Wer die Mühle Etage für Etage hinaufsteigt, taucht zugleich immer tiefer hinab in Jürgen Müllers bewegte Vergangenheit. Im ersten Stock liegt die Galerie, in der Müller regelmäßig Bilder zeigt. An der ersten Ausstellung hat seine Frau Riet noch mitgewirkt. Die Niederländerin starb vor einigen Jahren - kurz nachdem Jürgen Müller selbst einen schweren Sportunfall hatte.

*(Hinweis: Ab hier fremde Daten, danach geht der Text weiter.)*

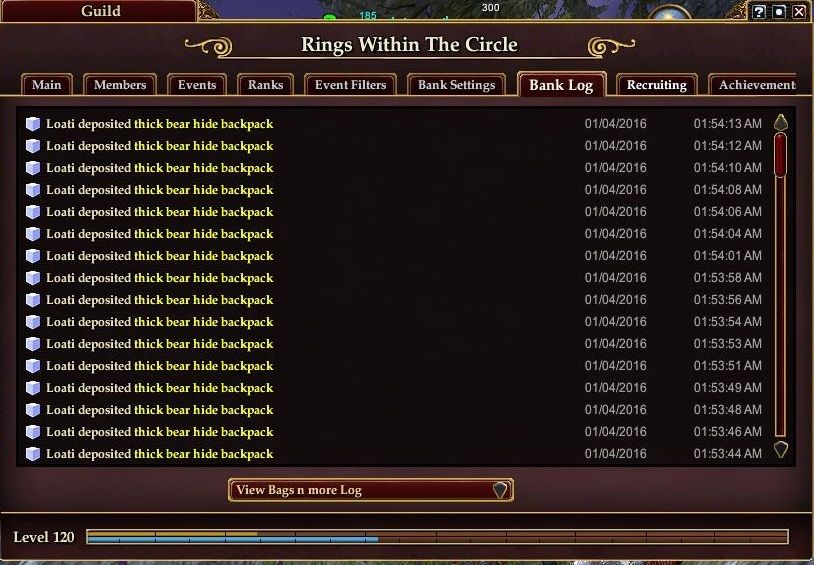 all about guild management EverQuest 2 Forums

Der damalige Lehrer war halbseitig gelähmt und musste seinen Beruf aufgeben. Heute ist Müller wieder mobil. Behände klettert er über die Wendeltreppe in die zweite Etage: das Arbeitszimmer. Müller hat bis zur Frührente an einer Hauptschule in Borken Englisch unterrichtet. Englisch konnte er gut - aus seiner Zeit als Matrose. Mit 17 ging Müller, gebürtig aus Pommern, in Bremen aufs Schiff.

Alle Kontinente, sagt er, hat er gesehen - bis auf Australien. Japan gefiel ihm besonders gut, erzählt Müller und kramt eine Geburtstagskarte und das Schwarz-Weiß-Foto einer hübschen Asiatin hervor. "Dear Jimmy", schrieb die Frau namens Kyoko über die liebevollen Glückwunsch-Zeilen an ihren Seemann.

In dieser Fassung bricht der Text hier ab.